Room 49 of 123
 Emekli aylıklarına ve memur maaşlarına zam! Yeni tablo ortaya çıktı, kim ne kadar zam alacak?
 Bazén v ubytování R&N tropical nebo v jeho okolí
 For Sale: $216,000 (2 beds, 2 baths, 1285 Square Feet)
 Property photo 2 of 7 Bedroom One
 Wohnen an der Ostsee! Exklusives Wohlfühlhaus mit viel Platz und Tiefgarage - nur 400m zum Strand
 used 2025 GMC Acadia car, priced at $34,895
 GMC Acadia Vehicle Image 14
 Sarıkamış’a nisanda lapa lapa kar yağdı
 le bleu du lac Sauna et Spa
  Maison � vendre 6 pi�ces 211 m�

^^^^

#### Aim of the exercise:
Word for word, repeat every record.

#### Response to this exercise:
Room 49 of 123
 Emekli aylıklarına ve memur maaşlarına zam! Yeni tablo ortaya çıktı, kim ne kadar zam alacak?
 Bazén v ubytování R&N tropical nebo v jeho okolí
 For Sale: $216,000 (2 beds, 2 baths, 1285 Square Feet)
 Property photo 2 of 7 Bedroom One
 Wohnen an der Ostsee! Exklusives Wohlfühlhaus mit viel Platz und Tiefgarage - nur 400m zum Strand
 used 2025 GMC Acadia car, priced at $34,895
 GMC Acadia Vehicle Image 14
 Sarıkamış’a nisanda lapa lapa kar yağdı
 le bleu du lac Sauna et Spa
  Maison � vendre 6 pi�ces 211 m�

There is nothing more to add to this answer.